■ YOUR GOAL
In the data below, find the line with "NRG Classic Wood" and the line with "Nitad Läderhalsband ROSA Pink", then restate both and every line between them exactly, minus the pictures.

■ EXTRACTED ENTRIES
[Start of section]

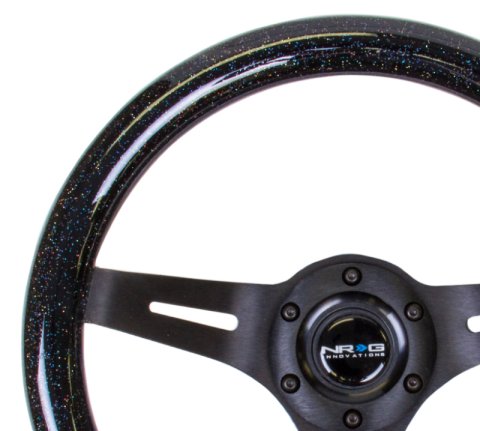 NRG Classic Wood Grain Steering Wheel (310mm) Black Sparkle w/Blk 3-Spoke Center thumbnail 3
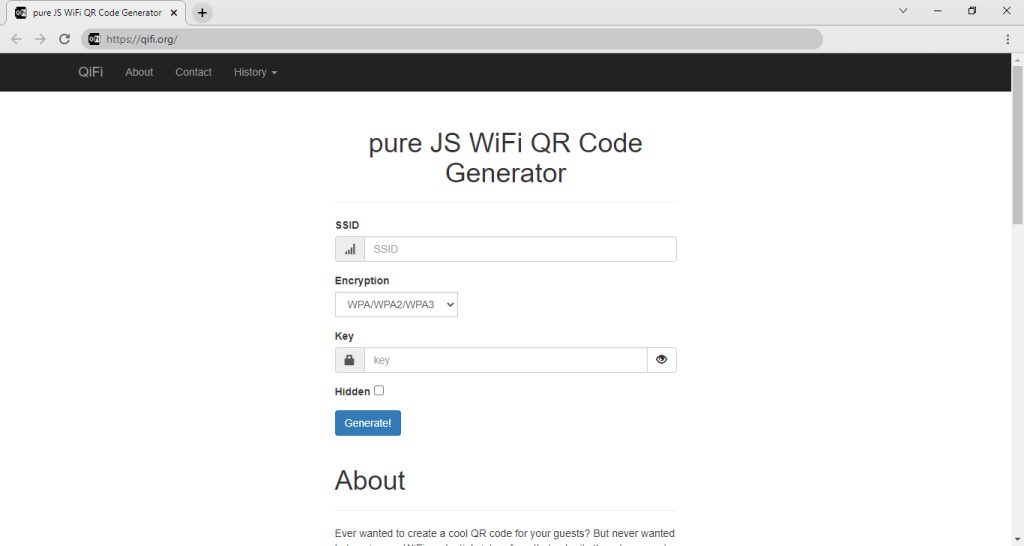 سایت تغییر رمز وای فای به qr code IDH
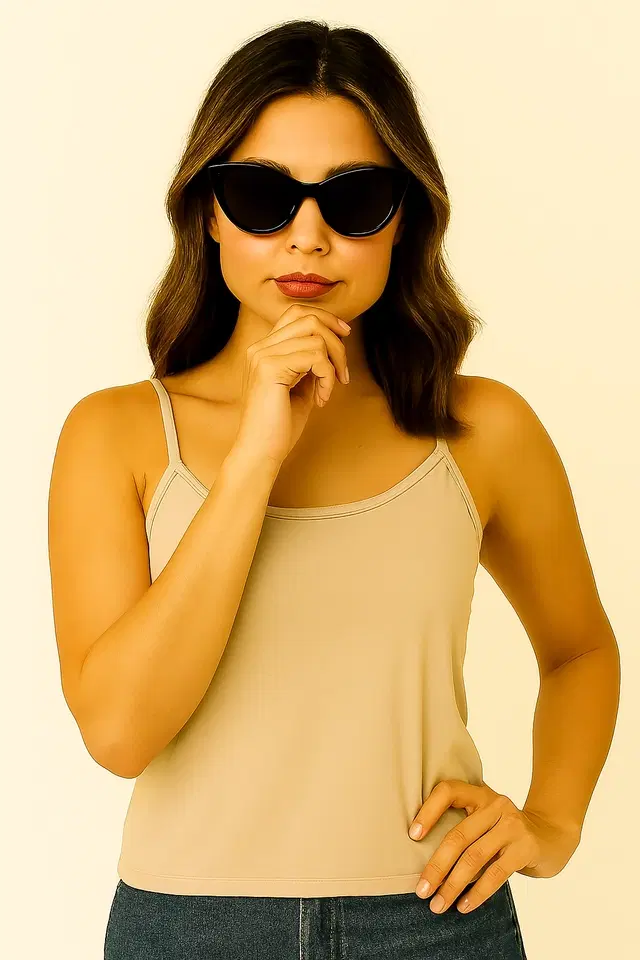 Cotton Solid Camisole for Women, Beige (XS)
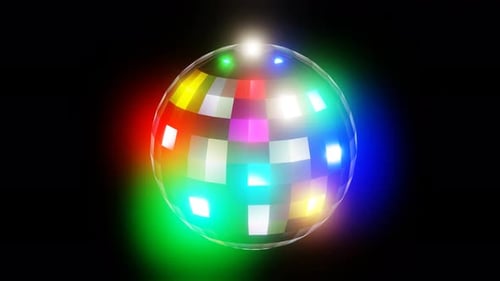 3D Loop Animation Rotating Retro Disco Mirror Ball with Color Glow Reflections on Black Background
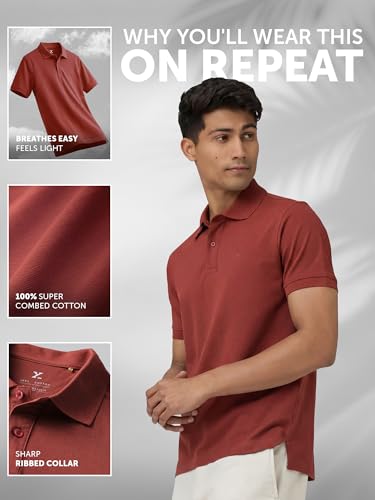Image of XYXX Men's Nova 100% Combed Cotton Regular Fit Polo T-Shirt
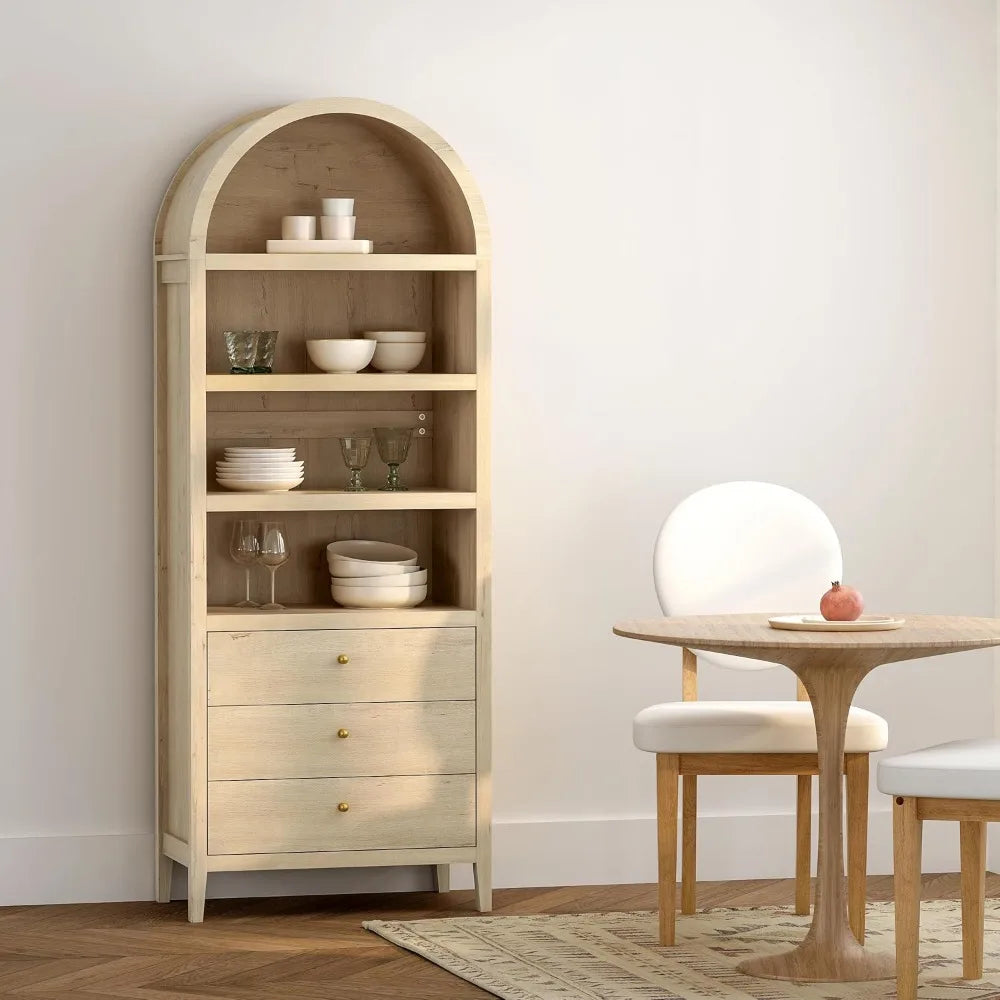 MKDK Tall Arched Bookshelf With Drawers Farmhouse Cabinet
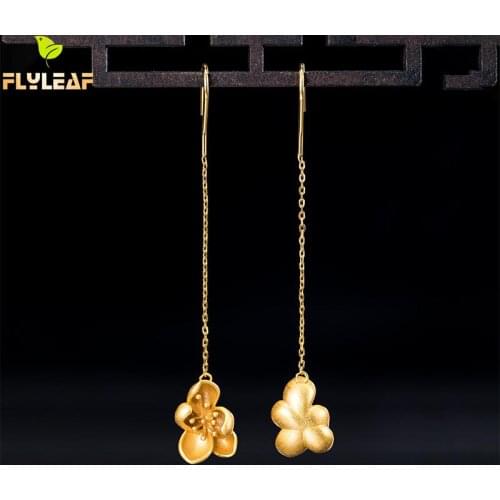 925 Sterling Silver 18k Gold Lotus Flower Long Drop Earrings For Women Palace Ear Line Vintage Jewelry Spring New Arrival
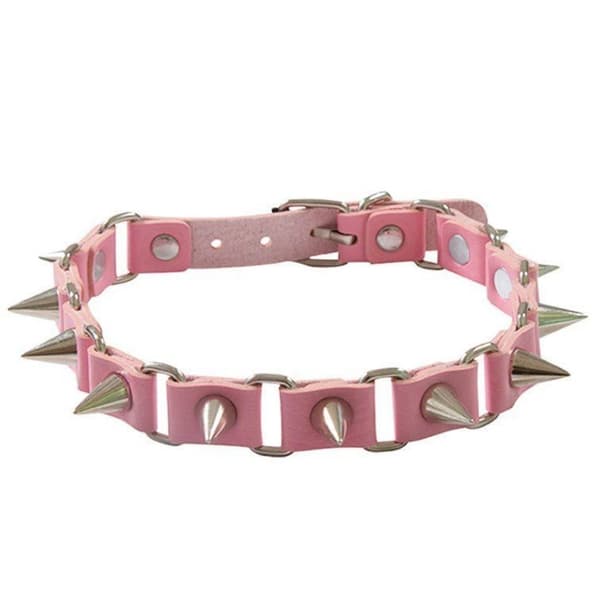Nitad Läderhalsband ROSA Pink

[End of section]
[Start of section]

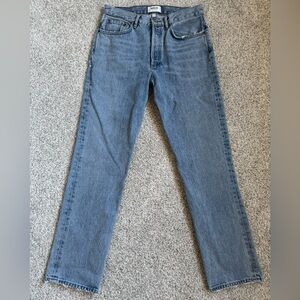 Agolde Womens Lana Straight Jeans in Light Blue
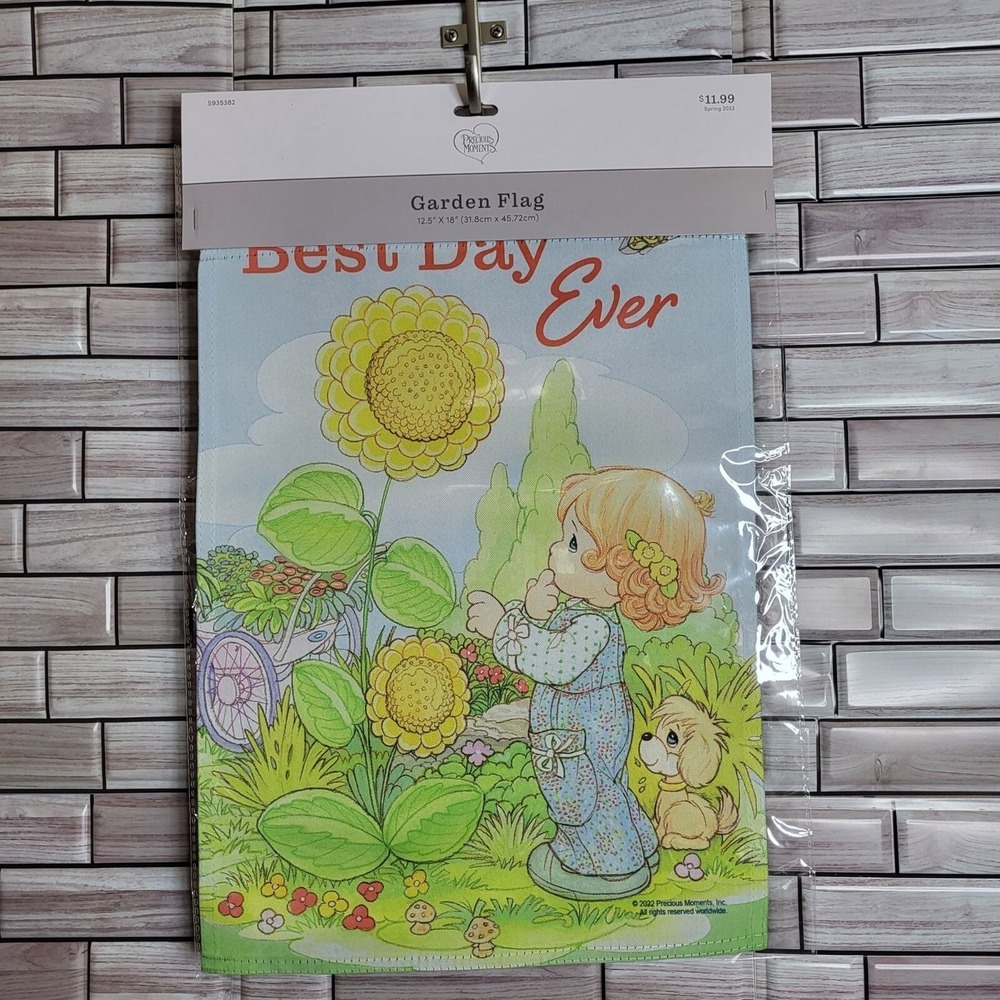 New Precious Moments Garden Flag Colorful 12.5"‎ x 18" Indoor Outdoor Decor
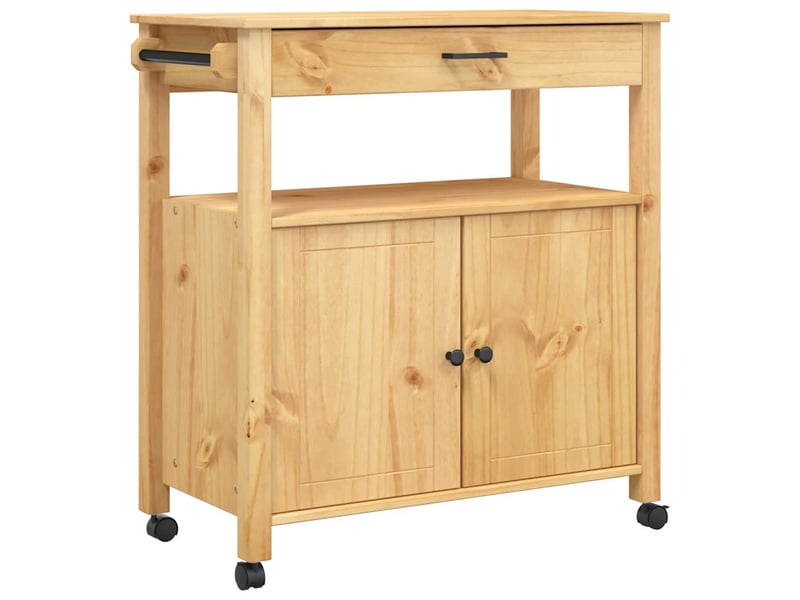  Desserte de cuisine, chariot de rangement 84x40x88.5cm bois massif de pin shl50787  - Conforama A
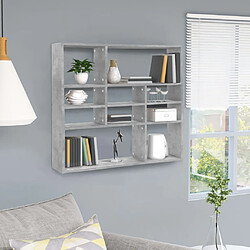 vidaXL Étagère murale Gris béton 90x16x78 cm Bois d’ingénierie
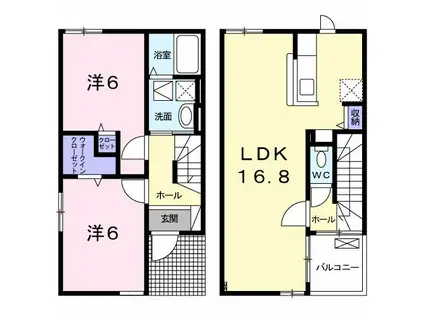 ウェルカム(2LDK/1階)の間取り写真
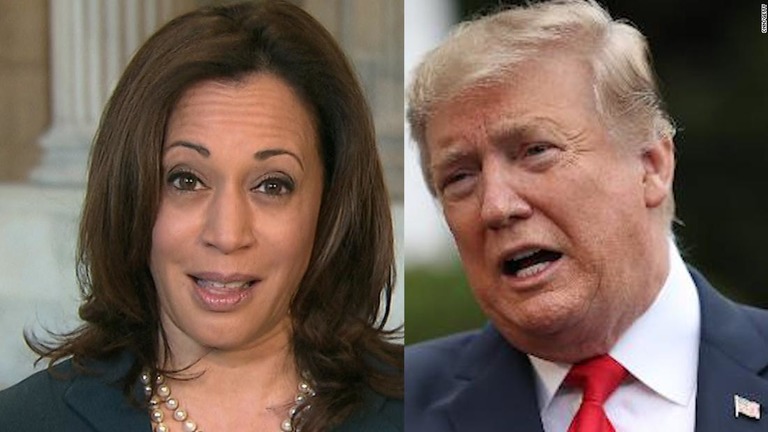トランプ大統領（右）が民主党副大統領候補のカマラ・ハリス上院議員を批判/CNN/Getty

[End of section]
[Start of section]

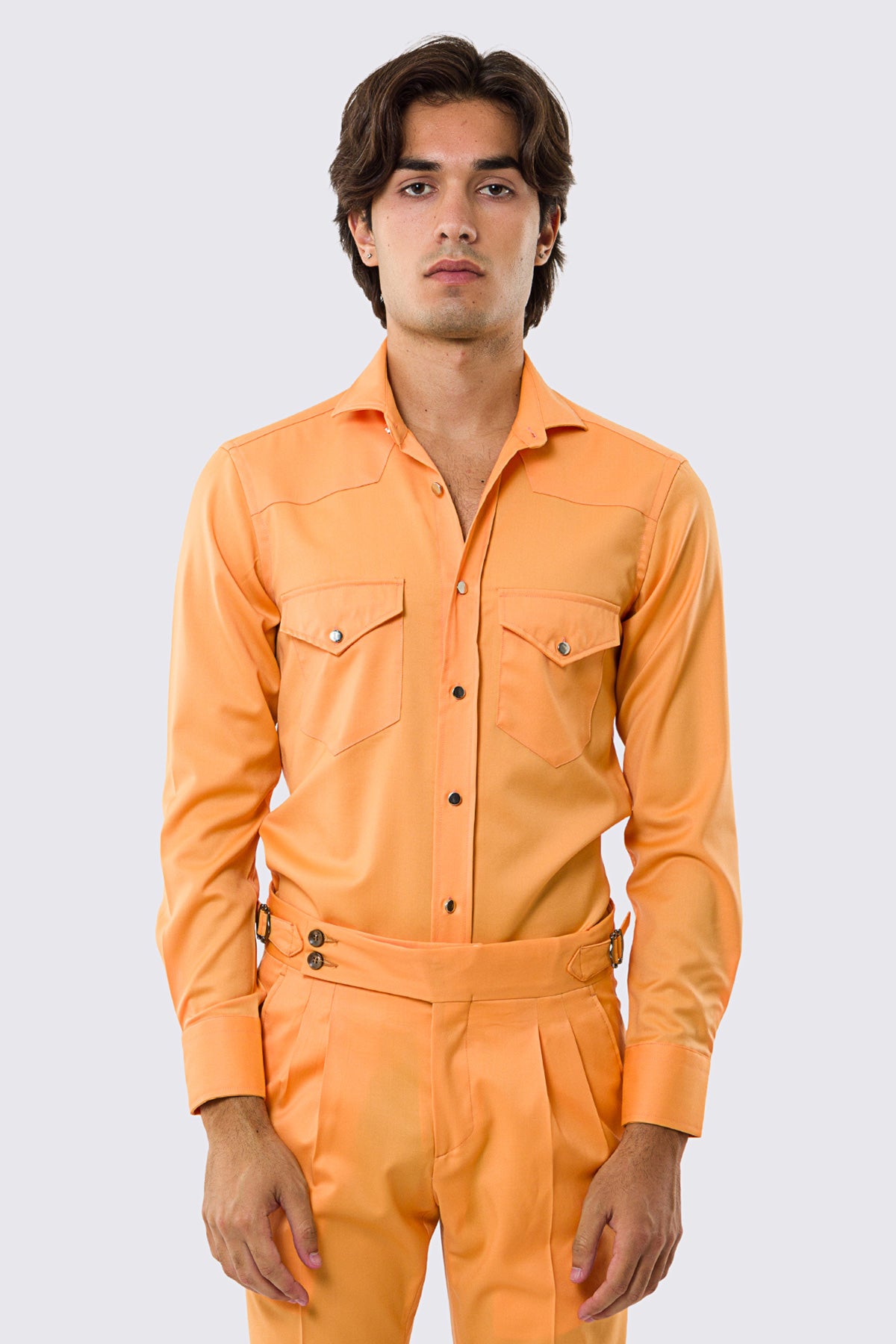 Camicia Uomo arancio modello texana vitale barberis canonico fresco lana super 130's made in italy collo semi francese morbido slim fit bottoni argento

[End of section]

■ OUTPUT OF THE TASK
 NRG Classic Wood Grain Steering Wheel (310mm) Black Sparkle w/Blk 3-Spoke Center thumbnail 3
 سایت تغییر رمز وای فای به qr code IDH
 Cotton Solid Camisole for Women, Beige (XS)
 3D Loop Animation Rotating Retro Disco Mirror Ball with Color Glow Reflections on Black Background
Image of XYXX Men's Nova 100% Combed Cotton Regular Fit Polo T-Shirt
 MKDK Tall Arched Bookshelf With Drawers Farmhouse Cabinet
 925 Sterling Silver 18k Gold Lotus Flower Long Drop Earrings For Women Palace Ear Line Vintage Jewelry Spring New Arrival
Nitad Läderhalsband ROSA Pink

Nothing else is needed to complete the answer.